Seven Thoughts From the American Evaluation Association Conference
In November 2025, Leonard Parker Pool Institute of Health (LPPIH) Executive Director Samantha Shaak, PhD, and Cheryl Arndt, PhD, Manager of Community Health Evaluation and Impact, represented LPPIH at the annual conference of the American Evaluation Association (AEA) in Kansas City, Mo.
The AEA conference brings together evaluators from across sectors to explore how evaluation can be more rigorous, ethical, inclusive and impactful. Below are seven reflections Sam and Cheryl brought back from Evaluation25 – ideas that continue to shape how we think about data, community partnership and learning in our neighborhood-based work.
1. Evaluation as a learning practice, not just for accountability
A recurring theme was the shift from evaluation as compliance toward evaluation as continuous learning.

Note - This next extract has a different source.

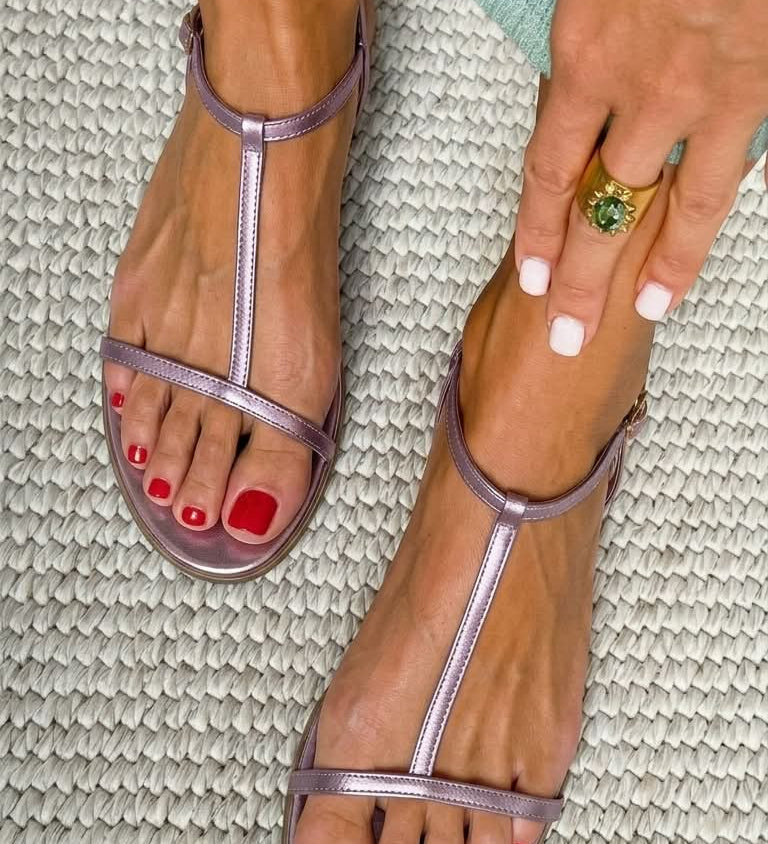 Rosalba | Golden Sandals for Spring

Many presenters emphasized creating feedback loops that support real-time adjustment rather than post-hoc judgment.
This mindset reframes evaluation as a shared learning journey among funders, organizations and communities: one that values curiosity, iteration and humility. When evaluation is positioned this way, it becomes a tool for growth rather than fear.
2. Beneficial community engagement
Community engagement is not a box to check. It is central to whether initiatives succeed or fail. Across sessions, evaluators highlighted trust and transparency as foundational, along with accessibility, responsiveness and timing.

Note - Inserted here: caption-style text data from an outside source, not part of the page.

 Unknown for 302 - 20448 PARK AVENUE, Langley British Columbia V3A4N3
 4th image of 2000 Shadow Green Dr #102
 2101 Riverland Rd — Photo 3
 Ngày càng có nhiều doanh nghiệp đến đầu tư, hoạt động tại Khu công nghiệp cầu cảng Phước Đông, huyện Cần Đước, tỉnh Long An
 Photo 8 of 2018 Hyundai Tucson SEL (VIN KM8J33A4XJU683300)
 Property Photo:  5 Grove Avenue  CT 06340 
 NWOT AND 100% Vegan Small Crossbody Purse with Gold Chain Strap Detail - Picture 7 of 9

This was especially evident in discussions about sharing data with communities. One organization described a data advisory committee that includes parents and students, ensuring findings are not only accurate but meaningful. They publish results publicly in plain language, paired with clear visuals and QR codes for easy access. The message resonated: Data is most powerful when it is understandable and useful to the people it represents.
3. Responsible and constructive use of artificial intelligence
The power of artificial intelligence (AI) was a prominent theme throughout the conference, as it is across many industries and fields. Evaluators are actively exploring how AI can support analysis, particularly when working with large volumes of qualitative data from surveys and interviews. At the same time, there was thoughtful discussion about the environmental costs of AI and the importance of protecting privacy.

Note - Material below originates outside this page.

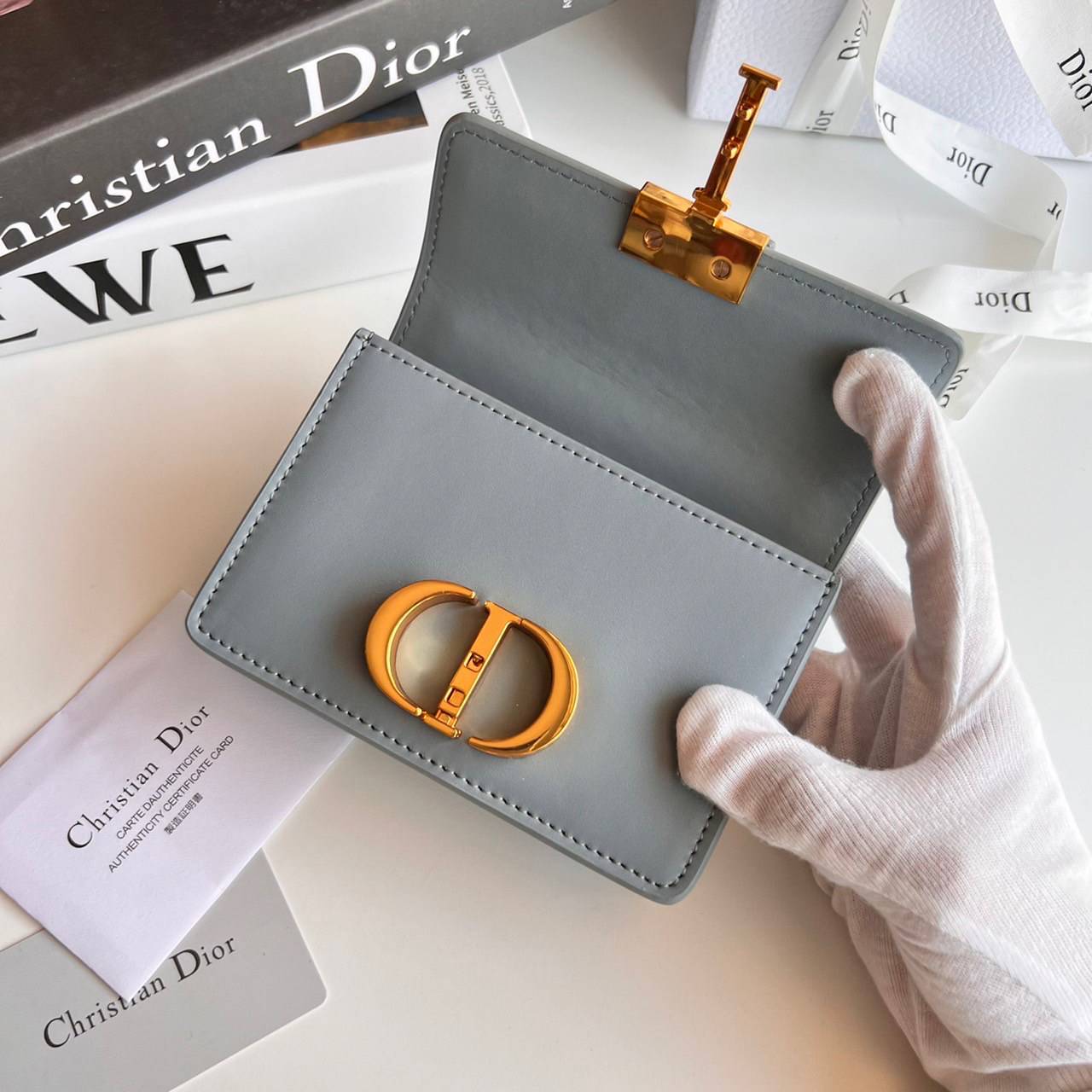 หนังแท้ DIOR Micro 30 Montaigne Bag พร้อมส่งที่ไทย เกรดเทพออริจินอลหนังแท้ สวยมากค่ะ ภาพสินค้าถ่ายจากงานขายจริง ใช้งานต่างประเทศได้ สายสะพายหนังยาวถอดได้ปรับระดับได้ จะสะพายไหล่หรือ CROSSBODY ก็ดูดีลุ๊คนี้คุณหนูมากค่ะ ไอเท็มนี้แนะนำไม่มีเอ้าท์ค่ะ ภาพถ่ายส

One message came through clearly was that, “the AI train has left the station but how we use it matters.” While current tools show promise for text analysis, they still fall short in producing clear, accurate data visualizations without human guidance. Across sessions, presenters emphasized the need for transparency and proper citation when AI is used, reinforcing that AI should support, not replace, evaluator judgment.
4. Effective audience engagement
AEA has long championed “potent presentations,” encouraging evaluators to focus on message, design and delivery. This year, presenters demonstrated creative ways to bring those principles to life.
From asking participants to physically place themselves along a continuum and using humor and interactive prompts, to handing out small pieces of swag to encourage participation, sessions felt more dynamic and inclusive. These techniques reminded us that engagement is not a distraction from content; it is often the gateway to deeper learning.
5. Respectful compensation for community members
There is growing consensus that it is unethical to extract time, stories and insight from community members without compensation. However, how organizations operationalize compensation and power-sharing varies widely.
One presenting organization stood out for formalizing a philosophy and policy around compensating community members. By clearly articulating expectations, decision-making authority and pay structures, its members have created a framework that promotes fairness and consistency. The takeaway: Compensation is not just about stipends; it is about respect, clarity and shared ownership of the work.
6. Future thinking as an evaluation tool
Several sessions pushed evaluators to think beyond measuring the past or present and instead ask, “What futures are we helping to shape?” Future thinking invites evaluators to consider long-term implications, uncertainty and multiple possible outcomes.
Rather than predicting a single future, this approach encourages scenario-building and adaptability – tools that feel especially relevant in complex place-based work. Looking at evaluation tools that recognize change as complex, helps us understand that change is often not linear. For LPPIH, future thinking reinforces the idea that evaluation can be both reflective and anticipatory, helping communities prepare for what may come next.
7. Relationships are the infrastructure
Across topics – from AI to compensation to data sharing – one truth surfaced again and again: Strong relationships make good evaluation possible. Technical skill matters, but trust, communication and respect are what sustain the work over time.
For community-centered evaluation, relationships are not a “soft” add-on; they are the infrastructure that allows data to be collected ethically, interpreted accurately and used meaningfully.
As Sam and Cheryl returned from AEA, these reflections affirmed much of what LPPIH strives to practice while also stretching our thinking in new directions. The conference reinforced that evaluation, at its best, is not just about measuring impact. It’s also about learning with communities, honoring their expertise and building systems that support well-being now and into the future.